How would they acquire their first 10, 50, and 100 customers

  • First 10: Pilot with YC/startup peers and early LLM teams; offer hands-on help to route their model calls through Lytix and measure changes in errors/cost within a week to produce initial case studies.
  • First 50: Lean into product-led growth with ready-made templates (guardrails, custom evals, cost routing), sample repos, and community support; enable self-serve trials that upgrade after measurable value is shown.
  • First 100: Add partner integrations/marketplace listings and paid pilot contracts, offer a secure self-hosted cache option, and hire 1–2 sales/CS reps to convert mid-market pilots while publishing results and referrals.

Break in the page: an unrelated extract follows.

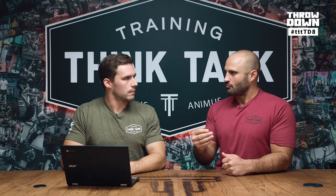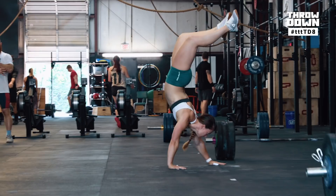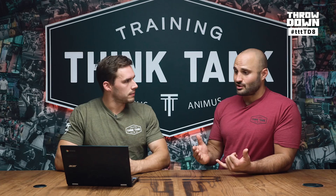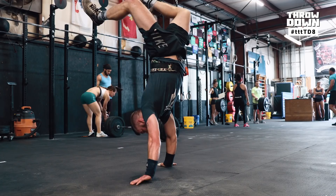The second separator is handstand walking. The deadlift is heavy and can separate athletes, but the majority of time is spent going back and forth on the handstand walk. People's coordination breaks down under fatigue — they take slow steps or rest too long after crossing the line. If you can lock in your transition time, giving yourself five to ten seconds, or when you're fresh just kick up and go, you can save a ton of time on the handstand walking segments.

What is the rough total addressable market

Top-down context:

Relevant spend sits in AI observability and LLMOps, with reports sizing AI-in-observability at about $1.4B in 2023 and LLMOps in the ~$1–4B range, while GenAI software/platforms are forecast to reach ~$58.5B by 2028 Market.us, Dataintelo, Omdia/AWS reprint.

Bottom-up calculation:

If 10k–20k teams operate production LLM features and spend $5k–$30k ARR on routing/observability/guardrails, that implies a $50M–$600M serviceable bucket; scaling to ~50k teams at $10k–$50k ARR suggests $0.5B–$2.5B over time. These ranges reflect adoption growth and typical mid-market tooling budgets.

Assumptions:

  • Number of active LLM-app teams grows to ~10k–50k globally over the next few years.
  • Per-team ARR for this layer ranges from ~$5k (startup) to ~$50k (mid-market).
  • Spend is primarily software (not including model/provider or compute costs).

Who are some of their notable competitors

  • LangSmith (LangChain): Developer-focused observability and evaluation tied to LangChain traces and workflows; SDK-first rather than a proxy/gateway drop-in LangSmith docs.
  • Helicone: Open-source AI gateway + observability with a one-line proxy, routing, caching, and built-in logging; functionally close on proxyed observability, with an OSS-first positioning Helicone docs.
  • Robust Intelligence (Cisco AI Defense): Focuses on adversarial testing and real-time AI firewall protection; emphasizes security/red-teaming over the per-task evals + cost routing workflow Robust Intelligence docs.
  • Arize: Enterprise LLM/ML observability and continuous evaluations with large-scale tracing and dashboards; deeper analytics focus versus a lightweight proxy/guardrails layer Arize docs.
  • Fiddler AI: Enterprise observability and explainability with guardrails, risk, and governance tooling; serves compliance-heavy use cases, beyond a simple drop-in gateway Fiddler product pages.